▶ **THE TASK**: Return only the lines below starting at the line containing "Hametsu no Oukoku" and ending at the line containing "Galvanized steel coil", both included, exactly as they are and with no pictures.

▶ **DATA PROVIDED**:
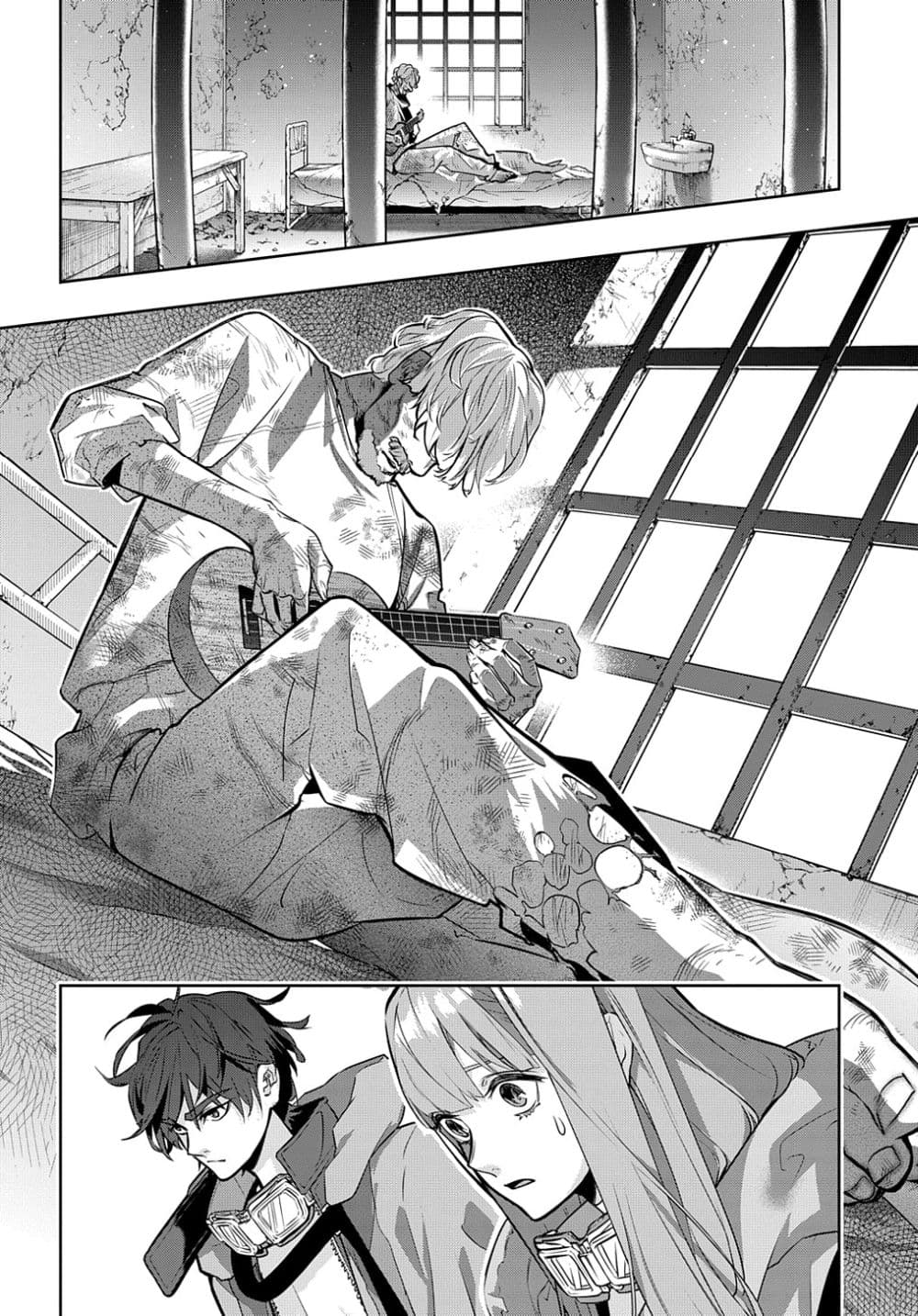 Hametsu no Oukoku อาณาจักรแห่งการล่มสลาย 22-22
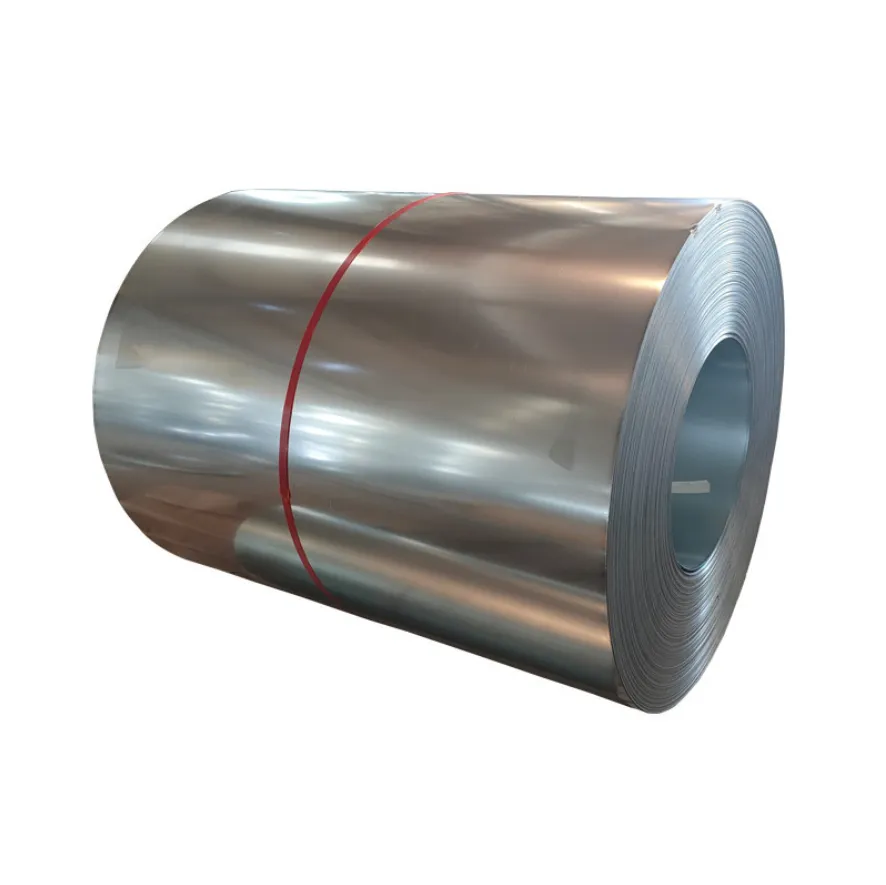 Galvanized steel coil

...

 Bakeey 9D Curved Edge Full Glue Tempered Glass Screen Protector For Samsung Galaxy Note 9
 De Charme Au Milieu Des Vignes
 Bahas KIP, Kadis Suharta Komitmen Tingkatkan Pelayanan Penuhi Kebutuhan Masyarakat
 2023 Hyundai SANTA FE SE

▶ **OUTPUT FOR THIS EXERCISE**:
 Hametsu no Oukoku อาณาจักรแห่งการล่มสลาย 22-22
 Galvanized steel coil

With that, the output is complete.